Van Gogh's work reflected his interest in Japanese wood block prints. Hiroshige's Plum Park in Kameido demonstrates portrayal of beautiful subject matter with flat patterns of colors and no shadow. Van Gogh used the term Japonaiserie to express this influence; he collected hundreds of Japanese prints and likened the works of the great Japanese artists, like Hiroshige, to those of Rembrandt, Hals, and Vermeer. Hiroshige was one of the last great masters of the Japanese genre called ukiyo-e. Van Gogh integrated some of the technical aspects of ukiyo-e into his work as his two 1887 homages to Hiroshige demonstrates.

The Japanese paintings represent Van Gogh's search for serenity, which he describes in a letter to his sister, "Having as much of this serenity as possible, even though one knows little – nothing – for certain, is perhaps a better remedy for all diseases than all the things that are sold at the chemist's shop." The southern region and the flowering trees seem to awaken van Gogh from his doldrums into a state of clear direction, hyper-activity and good cheer. He wrote, "I am up to my ears in work for the trees are in blossom and I want to paint a Provençal orchard of astonishing gaiety." While in the past a very active period would have drained him, this time he was invigorated.

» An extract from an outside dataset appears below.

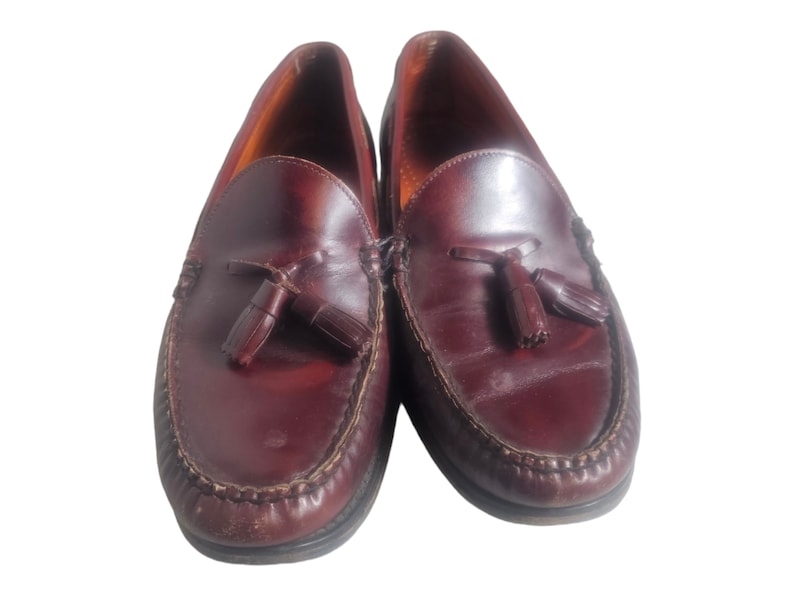 May include: A pair of dark brown leather tassel loafers. The loafers have a pointed toe and a leather sole.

==Blossoming Almond Branch in a Glass with a Book==
Vincent wrote to Theo, "Down here it is freezing hard and there is still snow in the countryside," and he has "two small studies of an almond-tree branch already in flower in spite of it." The two studies are Blossoming Almond Branch in a Glass and Blossoming Almond Branch in a Glass with a Book.

==Blossoming Almond Branch in a Glass==
Although fruit trees were about to bloom when Vincent arrived in Arles, the town had just received a layer of snow, driving van Gogh inside for his first week in Arles where he worked on still life, such as a branch from an almond tree. To reflect the early signs of spring, he used delicate brushstrokes and pastel shades for Blossoming Almond Branch in a Glass.

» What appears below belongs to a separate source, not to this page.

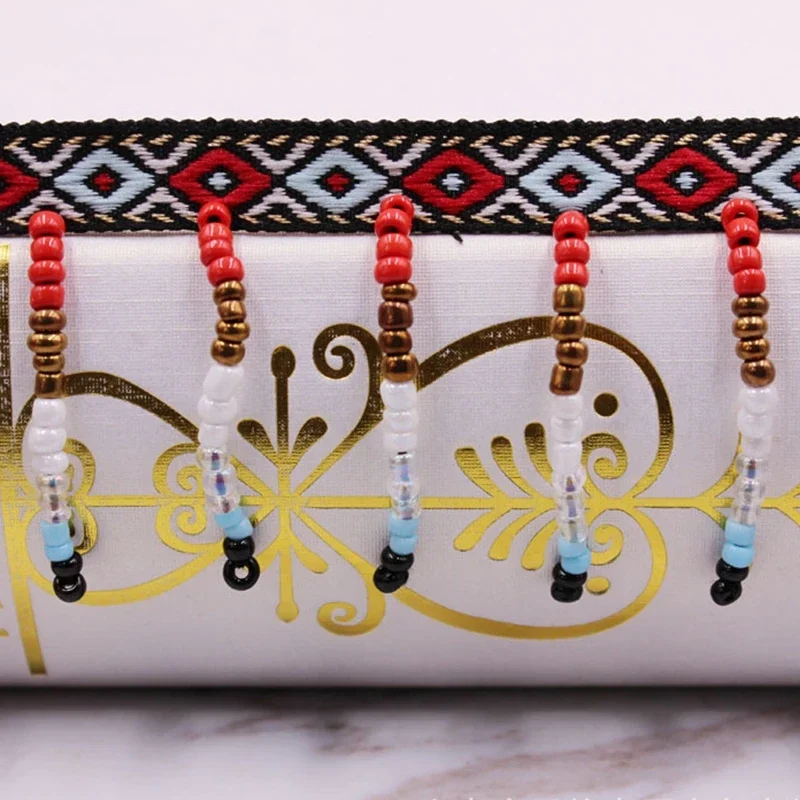 1 Yard Perlenfransen Ethnische Seidenquasten Spitzenbesatz für Vorhänge, Stickbänder, Quasten für Schmuck, DIY-Kleider, Nähen, Kleidung, Bänder – Detail 1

In Art Inspiring Transmutations of Life, Bruce Ross evaluates the Impressionists' effect on van Gogh's work,
Van Gogh's bright Sprig of Flowering Almond in a Glass embodies these streams* while exploring Japanese aesthetic values. A broken-off sprig is set in a simple glass. The sprig is highlighted by a red line along the beige wall and lavish empty space. There is no formal decorative intent. Van Gogh's name, also in bright red, hovers above a sprig in the upper left as if a symbol of hope. Van Gogh has transformed the still life with the help of these values. He has imbued a form predicated on death to one focused on life and possibility. His use of bright color reflects this. There is an individual, and hence essential, character to his subject, a sprig of almond buds and opening blossoms. This still life resembles the Japanese art of flower arrangement, ikebana, in its simplicity and evoked hopefulness as well as in its formal use of empty space.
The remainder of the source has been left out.